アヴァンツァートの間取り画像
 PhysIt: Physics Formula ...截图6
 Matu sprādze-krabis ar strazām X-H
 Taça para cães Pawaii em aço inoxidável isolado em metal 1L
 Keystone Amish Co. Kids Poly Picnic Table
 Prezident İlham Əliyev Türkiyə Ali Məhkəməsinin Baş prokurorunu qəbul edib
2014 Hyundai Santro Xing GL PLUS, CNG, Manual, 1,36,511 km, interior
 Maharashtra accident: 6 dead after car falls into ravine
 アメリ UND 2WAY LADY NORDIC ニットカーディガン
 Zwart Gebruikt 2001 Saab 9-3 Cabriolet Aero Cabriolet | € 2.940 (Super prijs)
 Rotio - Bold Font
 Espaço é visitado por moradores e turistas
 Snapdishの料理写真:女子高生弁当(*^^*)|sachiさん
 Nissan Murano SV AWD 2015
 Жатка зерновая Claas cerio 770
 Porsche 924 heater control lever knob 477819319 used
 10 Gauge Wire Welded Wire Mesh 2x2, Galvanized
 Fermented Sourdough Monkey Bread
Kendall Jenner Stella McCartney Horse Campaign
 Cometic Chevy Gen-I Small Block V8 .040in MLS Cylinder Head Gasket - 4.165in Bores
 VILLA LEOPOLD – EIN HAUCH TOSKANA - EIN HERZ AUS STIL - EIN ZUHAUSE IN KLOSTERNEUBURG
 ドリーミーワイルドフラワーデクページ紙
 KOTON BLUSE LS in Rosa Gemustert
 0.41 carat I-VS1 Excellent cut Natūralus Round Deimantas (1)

○ ○ ○ ○

EXERCISE GOAL. Beginning at the line above that contains "PhysIt: Physics Formula ...截图6", return each line exactly through the line that contains "Porsche 924 heater", and no others.

REPLY TO THE EXERCISE.
 PhysIt: Physics Formula ...截图6
 Matu sprādze-krabis ar strazām X-H
 Taça para cães Pawaii em aço inoxidável isolado em metal 1L
 Keystone Amish Co. Kids Poly Picnic Table
 Prezident İlham Əliyev Türkiyə Ali Məhkəməsinin Baş prokurorunu qəbul edib
2014 Hyundai Santro Xing GL PLUS, CNG, Manual, 1,36,511 km, interior
 Maharashtra accident: 6 dead after car falls into ravine
 アメリ UND 2WAY LADY NORDIC ニットカーディガン
 Zwart Gebruikt 2001 Saab 9-3 Cabriolet Aero Cabriolet | € 2.940 (Super prijs)
 Rotio - Bold Font
 Espaço é visitado por moradores e turistas
 Snapdishの料理写真:女子高生弁当(*^^*)|sachiさん
 Nissan Murano SV AWD 2015
 Жатка зерновая Claas cerio 770
 Porsche 924 heater control lever knob 477819319 used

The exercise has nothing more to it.